AMP-activated protein kinase (AMPK) is an energy sensor and ubiquitously expressed in vascular cells. Recent studies suggest that AMPK activation improves endothelial function by counteracting oxidative stress in endothelial cells. How AMPK suppresses oxidative stress remains to be established.

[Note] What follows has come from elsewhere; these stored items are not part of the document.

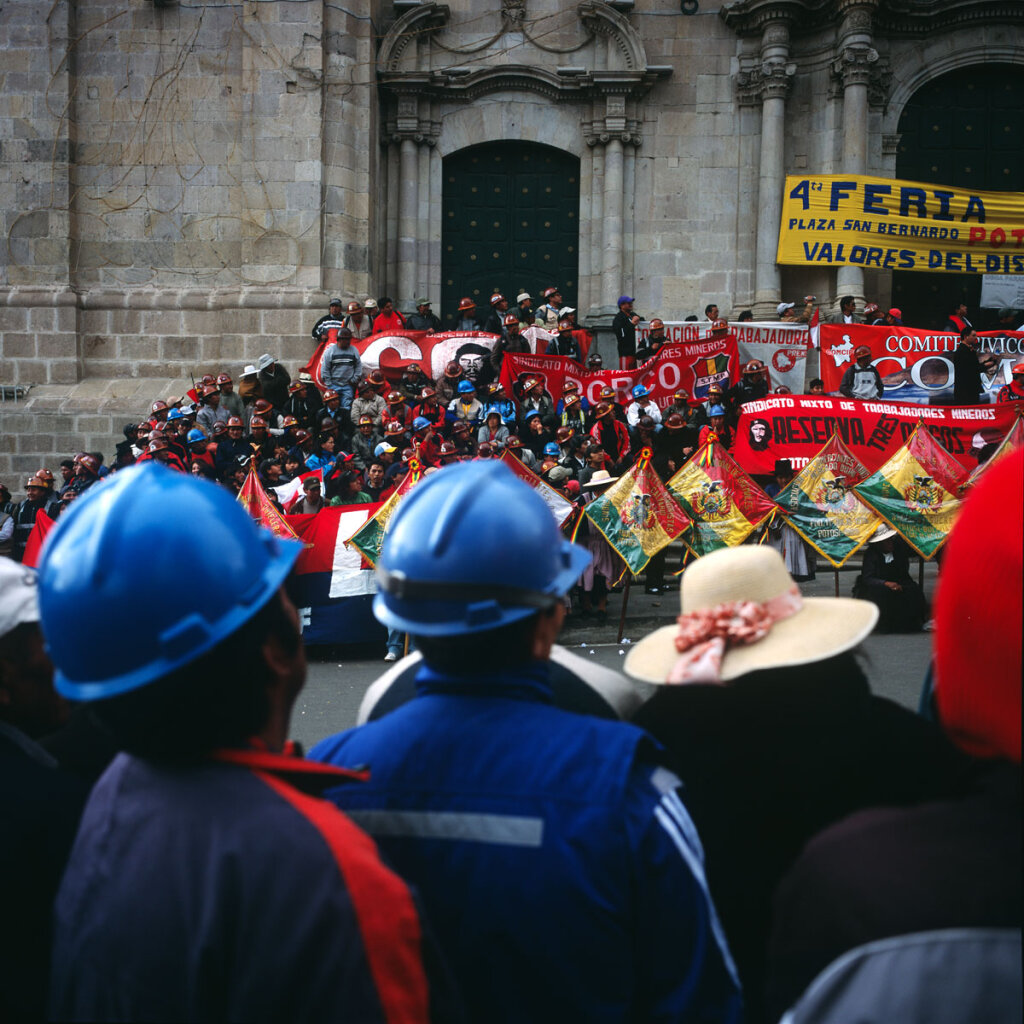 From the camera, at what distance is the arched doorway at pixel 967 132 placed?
1836cm

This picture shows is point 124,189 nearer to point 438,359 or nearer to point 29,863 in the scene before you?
point 438,359

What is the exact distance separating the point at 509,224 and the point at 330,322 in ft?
15.7

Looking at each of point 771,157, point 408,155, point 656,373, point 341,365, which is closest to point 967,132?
point 771,157

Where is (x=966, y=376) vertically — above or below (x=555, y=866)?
above

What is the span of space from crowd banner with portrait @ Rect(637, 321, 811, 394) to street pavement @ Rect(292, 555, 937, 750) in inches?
145

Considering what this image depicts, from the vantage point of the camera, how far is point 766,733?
206 cm

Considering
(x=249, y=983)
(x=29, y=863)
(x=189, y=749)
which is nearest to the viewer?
(x=249, y=983)

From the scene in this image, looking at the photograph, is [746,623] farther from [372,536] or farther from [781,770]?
[372,536]

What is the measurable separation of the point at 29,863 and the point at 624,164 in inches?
710

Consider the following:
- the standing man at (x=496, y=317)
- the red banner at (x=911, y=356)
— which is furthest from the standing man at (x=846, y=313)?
the standing man at (x=496, y=317)

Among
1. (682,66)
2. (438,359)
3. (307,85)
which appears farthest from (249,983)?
(682,66)

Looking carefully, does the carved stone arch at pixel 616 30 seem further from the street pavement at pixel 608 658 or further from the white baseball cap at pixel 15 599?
the white baseball cap at pixel 15 599

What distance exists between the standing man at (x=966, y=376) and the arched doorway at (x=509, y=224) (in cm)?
672

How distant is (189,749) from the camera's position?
4.80 feet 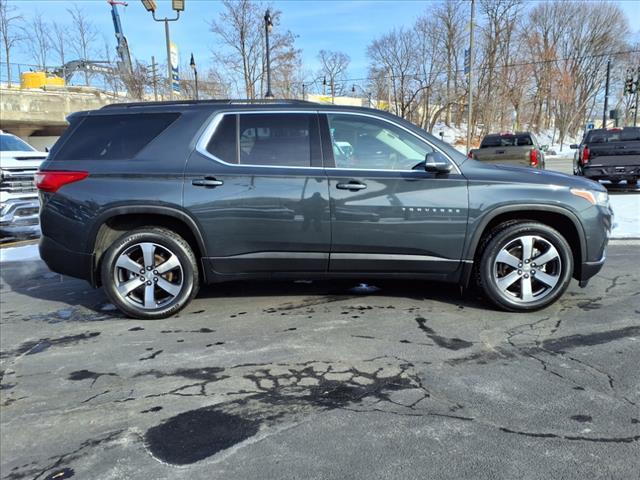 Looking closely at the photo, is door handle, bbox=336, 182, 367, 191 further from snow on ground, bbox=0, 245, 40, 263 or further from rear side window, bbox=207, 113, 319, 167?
snow on ground, bbox=0, 245, 40, 263

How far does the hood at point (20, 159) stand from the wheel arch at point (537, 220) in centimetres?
835

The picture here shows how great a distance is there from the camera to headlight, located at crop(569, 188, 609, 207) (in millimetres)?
4188

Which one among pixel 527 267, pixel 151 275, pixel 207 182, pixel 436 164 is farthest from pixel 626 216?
pixel 151 275

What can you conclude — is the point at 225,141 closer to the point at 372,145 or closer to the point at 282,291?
the point at 372,145

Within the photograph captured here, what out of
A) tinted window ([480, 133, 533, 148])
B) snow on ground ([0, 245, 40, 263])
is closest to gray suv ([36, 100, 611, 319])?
snow on ground ([0, 245, 40, 263])

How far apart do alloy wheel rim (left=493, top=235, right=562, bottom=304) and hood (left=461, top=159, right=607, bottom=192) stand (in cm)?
50

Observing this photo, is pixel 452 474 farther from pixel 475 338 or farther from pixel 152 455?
pixel 475 338

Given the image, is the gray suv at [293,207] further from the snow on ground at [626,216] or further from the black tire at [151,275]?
the snow on ground at [626,216]

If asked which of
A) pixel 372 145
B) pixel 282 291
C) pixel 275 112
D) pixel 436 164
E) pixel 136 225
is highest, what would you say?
pixel 275 112

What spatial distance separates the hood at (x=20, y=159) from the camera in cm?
890

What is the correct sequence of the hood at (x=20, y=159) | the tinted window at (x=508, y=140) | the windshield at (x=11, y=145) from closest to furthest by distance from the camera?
the hood at (x=20, y=159) < the windshield at (x=11, y=145) < the tinted window at (x=508, y=140)

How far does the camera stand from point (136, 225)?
446 cm

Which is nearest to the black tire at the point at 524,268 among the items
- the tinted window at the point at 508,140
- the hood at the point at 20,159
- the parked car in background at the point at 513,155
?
the hood at the point at 20,159

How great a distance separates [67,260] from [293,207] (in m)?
2.11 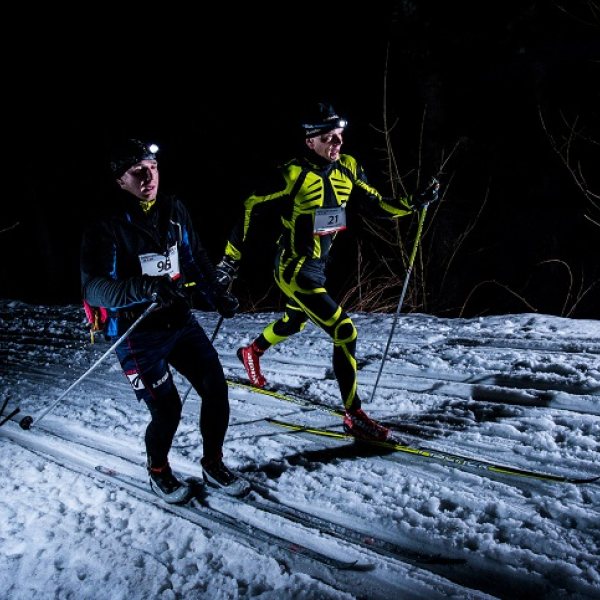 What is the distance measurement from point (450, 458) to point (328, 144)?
8.16 feet

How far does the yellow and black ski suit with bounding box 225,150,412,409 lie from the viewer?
→ 12.9 ft

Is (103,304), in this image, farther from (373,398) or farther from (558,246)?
(558,246)

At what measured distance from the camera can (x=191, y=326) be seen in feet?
10.5

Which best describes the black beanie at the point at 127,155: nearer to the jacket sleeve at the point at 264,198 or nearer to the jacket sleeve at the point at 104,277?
the jacket sleeve at the point at 104,277

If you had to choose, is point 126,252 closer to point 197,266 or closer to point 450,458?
point 197,266

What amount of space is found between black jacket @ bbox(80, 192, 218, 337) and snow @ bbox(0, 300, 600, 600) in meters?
1.24

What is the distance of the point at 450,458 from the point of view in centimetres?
343

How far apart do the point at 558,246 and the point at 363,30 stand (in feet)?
24.5

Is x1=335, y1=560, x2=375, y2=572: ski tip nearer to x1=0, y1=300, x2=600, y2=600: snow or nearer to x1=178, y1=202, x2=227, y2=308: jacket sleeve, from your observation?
x1=0, y1=300, x2=600, y2=600: snow

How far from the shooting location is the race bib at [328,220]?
4.16m

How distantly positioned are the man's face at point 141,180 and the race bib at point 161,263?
0.33 metres

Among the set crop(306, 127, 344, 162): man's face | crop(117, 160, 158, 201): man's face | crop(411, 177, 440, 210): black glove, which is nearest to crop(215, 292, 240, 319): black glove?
crop(117, 160, 158, 201): man's face

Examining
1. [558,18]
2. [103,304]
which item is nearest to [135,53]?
[558,18]

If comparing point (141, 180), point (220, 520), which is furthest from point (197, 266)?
point (220, 520) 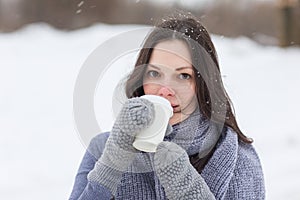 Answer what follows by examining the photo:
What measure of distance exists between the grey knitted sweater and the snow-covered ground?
20 cm

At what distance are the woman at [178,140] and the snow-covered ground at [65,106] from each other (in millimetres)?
171

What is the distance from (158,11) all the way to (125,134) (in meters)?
9.53

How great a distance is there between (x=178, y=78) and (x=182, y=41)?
0.36ft

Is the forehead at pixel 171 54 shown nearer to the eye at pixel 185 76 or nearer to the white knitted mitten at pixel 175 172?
the eye at pixel 185 76

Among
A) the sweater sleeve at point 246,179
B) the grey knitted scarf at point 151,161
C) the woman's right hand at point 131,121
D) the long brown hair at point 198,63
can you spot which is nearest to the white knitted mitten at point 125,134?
the woman's right hand at point 131,121

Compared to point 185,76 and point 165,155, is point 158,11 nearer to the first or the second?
point 185,76

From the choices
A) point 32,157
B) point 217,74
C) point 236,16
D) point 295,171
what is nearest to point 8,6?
point 236,16

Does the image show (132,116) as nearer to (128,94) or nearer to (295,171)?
(128,94)

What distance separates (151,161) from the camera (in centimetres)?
197

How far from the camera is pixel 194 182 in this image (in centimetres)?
188

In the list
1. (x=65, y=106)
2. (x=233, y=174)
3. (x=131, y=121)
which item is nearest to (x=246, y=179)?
(x=233, y=174)

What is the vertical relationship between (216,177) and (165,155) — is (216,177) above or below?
below

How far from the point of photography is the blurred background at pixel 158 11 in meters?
12.1

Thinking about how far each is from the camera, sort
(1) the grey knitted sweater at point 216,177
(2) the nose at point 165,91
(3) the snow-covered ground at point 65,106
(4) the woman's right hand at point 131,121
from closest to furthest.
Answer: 1. (4) the woman's right hand at point 131,121
2. (2) the nose at point 165,91
3. (1) the grey knitted sweater at point 216,177
4. (3) the snow-covered ground at point 65,106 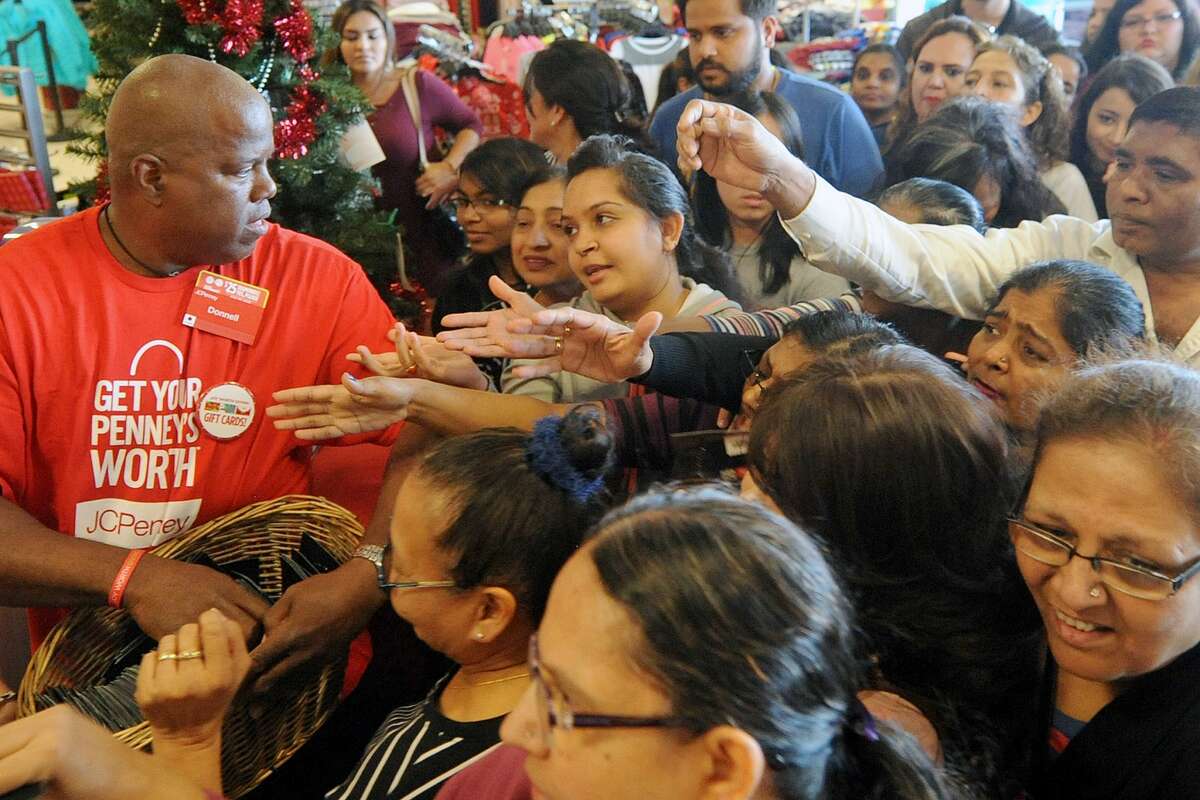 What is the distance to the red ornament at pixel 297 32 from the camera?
2.89 m

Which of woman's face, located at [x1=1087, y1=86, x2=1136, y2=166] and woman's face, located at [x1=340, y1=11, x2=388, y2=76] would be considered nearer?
woman's face, located at [x1=1087, y1=86, x2=1136, y2=166]

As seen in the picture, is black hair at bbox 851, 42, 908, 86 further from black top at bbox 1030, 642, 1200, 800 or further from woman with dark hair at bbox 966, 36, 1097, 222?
black top at bbox 1030, 642, 1200, 800

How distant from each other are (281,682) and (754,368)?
3.08ft

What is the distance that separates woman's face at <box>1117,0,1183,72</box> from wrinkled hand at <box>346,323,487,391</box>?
132 inches

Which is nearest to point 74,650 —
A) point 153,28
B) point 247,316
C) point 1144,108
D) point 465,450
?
point 247,316

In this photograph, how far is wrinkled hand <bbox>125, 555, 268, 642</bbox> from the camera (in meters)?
1.58

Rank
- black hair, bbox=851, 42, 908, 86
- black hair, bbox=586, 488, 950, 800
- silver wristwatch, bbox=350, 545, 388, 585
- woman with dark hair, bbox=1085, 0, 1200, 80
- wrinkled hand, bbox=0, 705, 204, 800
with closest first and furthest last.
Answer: black hair, bbox=586, 488, 950, 800, wrinkled hand, bbox=0, 705, 204, 800, silver wristwatch, bbox=350, 545, 388, 585, woman with dark hair, bbox=1085, 0, 1200, 80, black hair, bbox=851, 42, 908, 86

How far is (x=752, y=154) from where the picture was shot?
1.91 m

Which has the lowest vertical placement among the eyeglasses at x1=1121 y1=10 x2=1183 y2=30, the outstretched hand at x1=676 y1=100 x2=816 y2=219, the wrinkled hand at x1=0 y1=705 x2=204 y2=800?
the wrinkled hand at x1=0 y1=705 x2=204 y2=800

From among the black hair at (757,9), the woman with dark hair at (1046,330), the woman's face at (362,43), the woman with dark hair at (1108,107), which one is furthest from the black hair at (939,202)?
the woman's face at (362,43)

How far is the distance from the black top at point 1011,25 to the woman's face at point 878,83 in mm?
112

The aim of this study is to examine the effects of AMPK in regulating NAD(P)H oxidase, oxidative stress and endothelial function.
Methods and Results
AMPK activity, the markers of oxidative stress, NAD(P)H oxidase subunit expression (gp91phox, p47phox, p67phox, NOX1-4), NAD(P)H oxidase-mediated superoxide production, 26S proteasome activity, IκBα degradation, and nuclear translocation of NF-κB (p50 and p65) were examined in cultured human umbilical vein endothelial cells (HUVEC) and mouse aortas isolated from AMPKα2 deficient mice. Compared to the wild type, acetylcholine (Ach)-induced endothelium-dependent relaxation was significantly impaired in parallel with increased production of oxidants in AMPKα2−/− mice. Further, pretreatment of aorta with either superoxide dismutase or Tempol or apocynin significantly improved Ach-induced endothelium-dependent relaxation in AMPKα2−/− mice. Analysis of aortic endothelial cells from AMPKα2−/− mice and human umbilical vein endothelial cells (HUVECs) expressing dominant negative AMPK or AMPK α2-specific siRNA revealed that loss of AMPK activity increased NAD(P)H oxidase subunit expression (gp91phox, p47phox, p67phox, NOX1-4), NAD(P)H oxidase-mediated superoxide production, 26S proteasome activity, IκBα degradation, and nuclear translocation of NF-κB (p50 and p65), whereas AMPK activation by AICAR or over-expression of constitutively active AMPK had the opposite effect. Consistently, we found that genetic deletion of AMPKα2 in LDL receptor knockout (LDLr−/−) strain markedly increased 26S proteasome activity, IκB degradation, NF-κB transactivation, NAD(P)H oxidase subunit overexpression, oxidative stress, endothelial dysfunction, and atherosclerosis, all of which were largely suppressed by chronic administration of MG132, a potent cell permeable proteasome inhibitor..
We conclude that AMPKα2 functions as a physiological suppressor of NAD(P)H oxidase and ROS production in endothelial cells. In this way AMPK maintains the non-atherogenic and non-inflammatory phenotype of endothelial cells.